Optimal Stochastic Interventions with High-Dimensional Factorial Experiments

Project Summary

Although there exists a rapidly growing literature on policy learning, much of the existing work focuses on the determination of an optimal treatment rule that determines who should be treated based on their individual characteristics. Instead, this paper studies the problem of finding an optimal intervention regime in high-dimensional factorial experiments. Our motivating application is conjoint analysis, which is popular in marketing and social science research. In one such experiment, respondents were asked to choose between hypothetical political candidates with randomly selected attributes, which include partisanship, policy positions, as well as candidate gender and race. Because the number of unique treatment combinations exceeds the total number of observations, it is impossible to identify the optimal treatment combination in this setting.
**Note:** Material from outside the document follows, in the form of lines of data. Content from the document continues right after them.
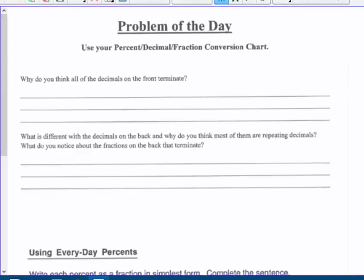This video starts on page 10 in your packet, and it's the problem of the day. First, fill out the percent-decimal-fraction conversion chart — that is part of your assignment tonight. Then answer a couple of questions: Why do all the decimals on the front terminate? What is different with the decimals on the back, and why do you think most of them are repeating? What do you notice about the fractions on the back that terminate?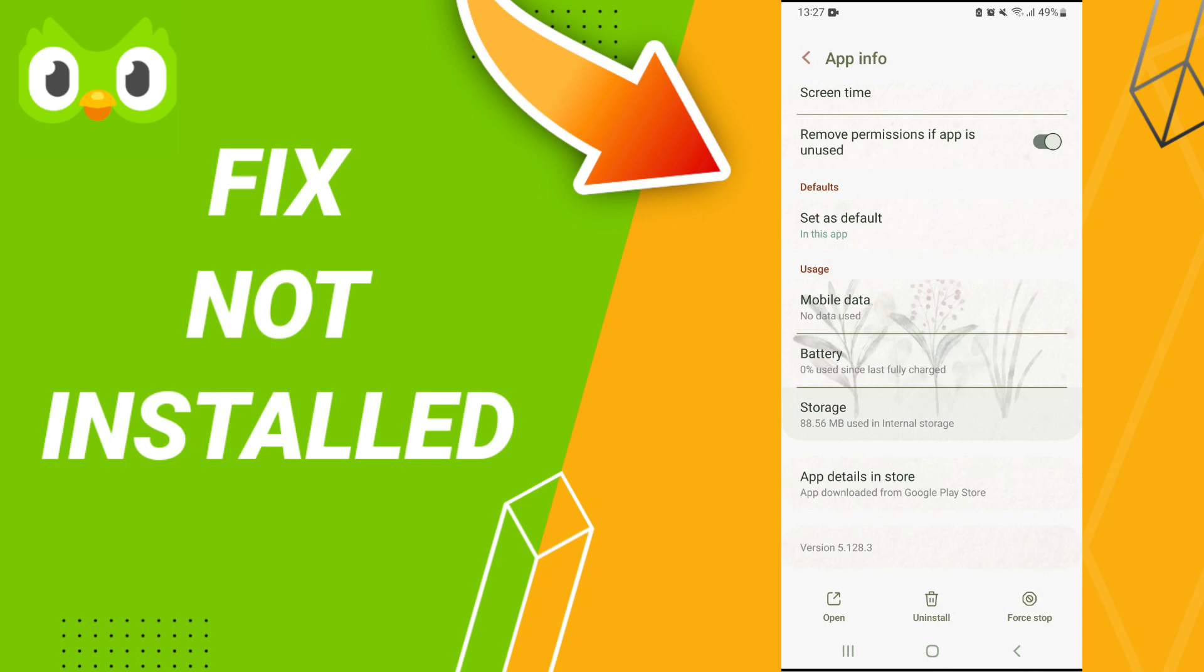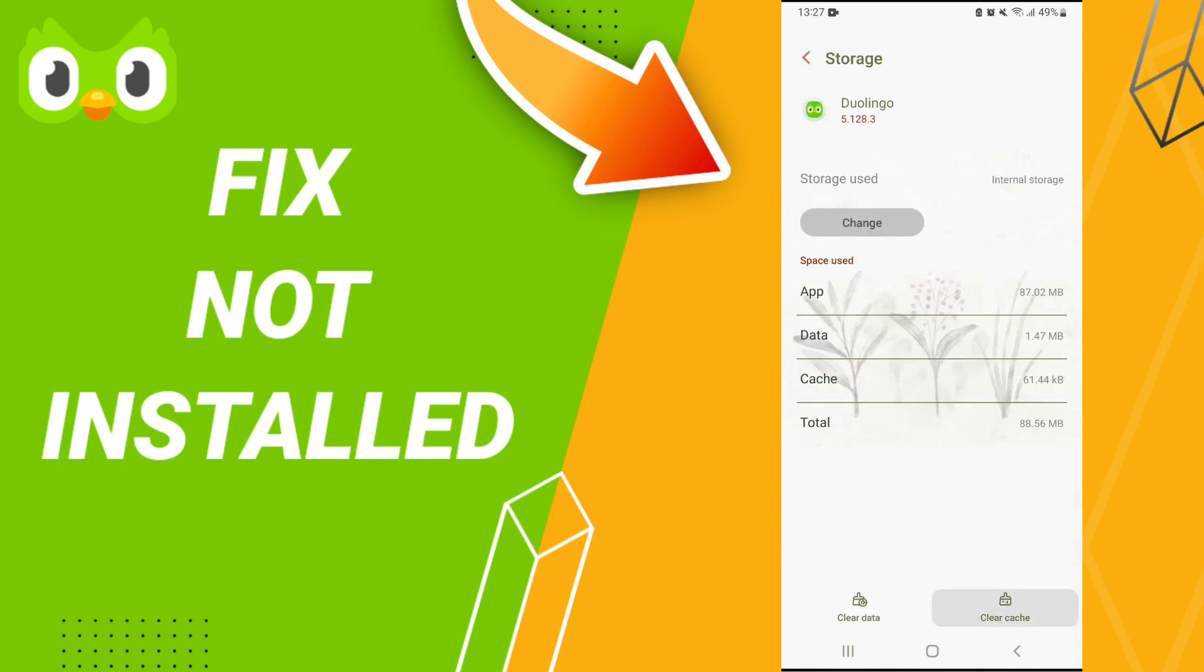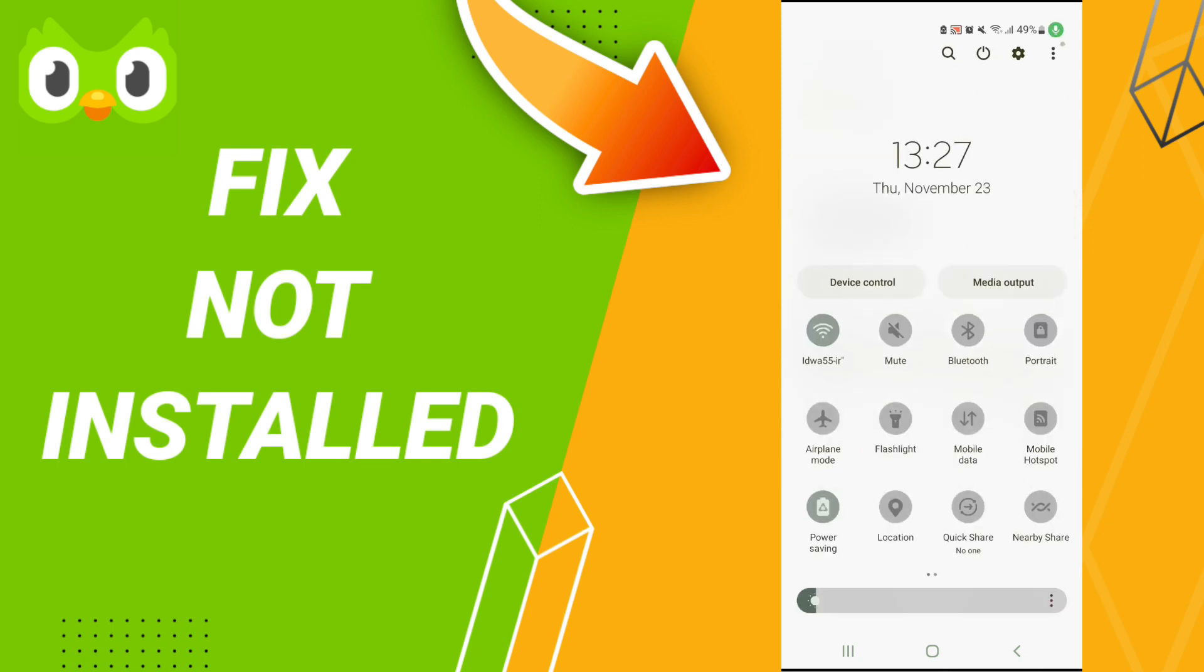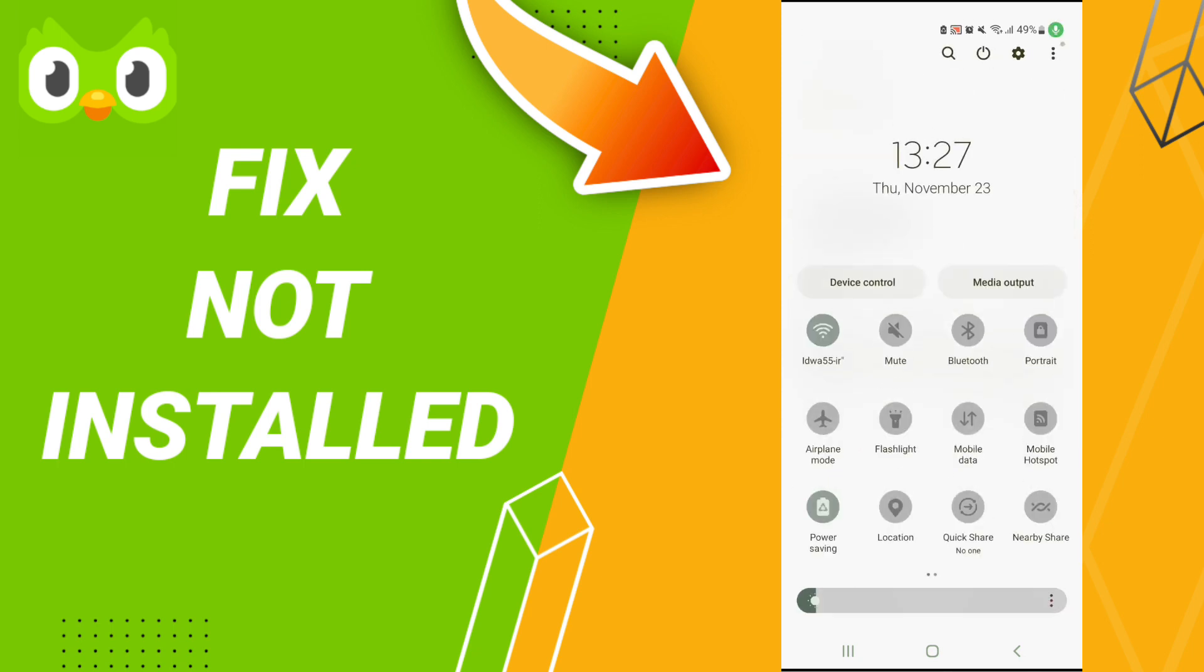Here we click Clear Cache. Don't click Clear Data because that can cause errors in your app. At the end, you can turn off your WiFi.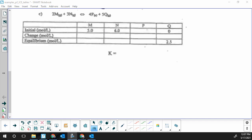Last, I'll work through problem 1c. One thing to notice right away is that we have a solid, so we'll have to remember that when we get to the equilibrium law expression. The format is the same as the previous two questions — one column with one box missing, so we complete the column, do the change using stoichiometry, fill in the E-row, and write an equilibrium law expression. For chemical Q: we start with zero and end up with 2.5, so we make 2.5 moles per liter.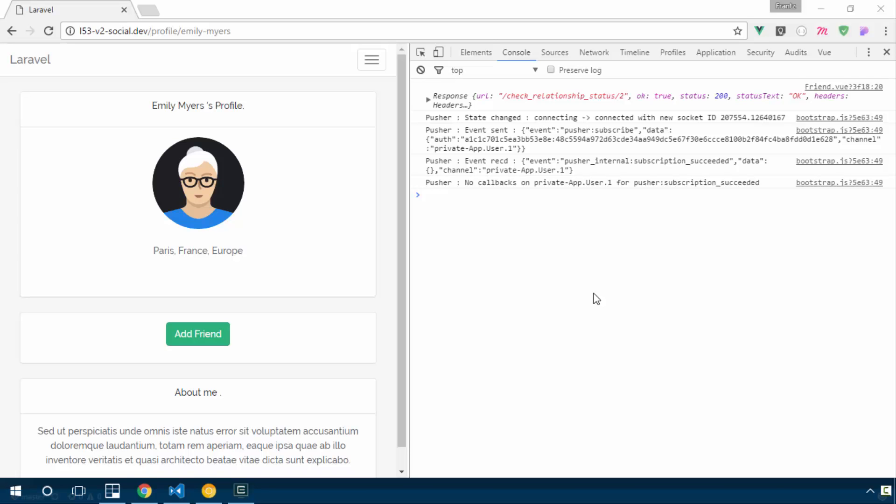Now you probably might have noticed that when we are sending a friend request or accepting a friend request, it takes at least seven seconds to actually give us a response. This is because we actually have to send an email and send an event to pusher and save something to the database.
Instead, we seek to find an optimal stochastic intervention, representing a probability distribution of treatments, that yields the greatest expected utility given variance constraints. We consider two classes of stochastic interventions. In the first, the optimal policy selection is performed in an average case sense—if respondents choose between one of two entities in a forced choice conjoint, we maximize the utility of a reference candidate averaging over features of the opponent. In the second, the optimal policy selection is performed in an adversarial manner in two rounds of selection—we maximize the support of a reference candidate against an opponent group which is also maximizing the support of their candidate in the same target population. We discuss several point estimate and variance-covariance estimators, some of which are obtained in closed form. Finite sample performance is explored via simulation. Our empirical analysis shows the usefulness of the proposed methodologies in the context of the US vote choice for president.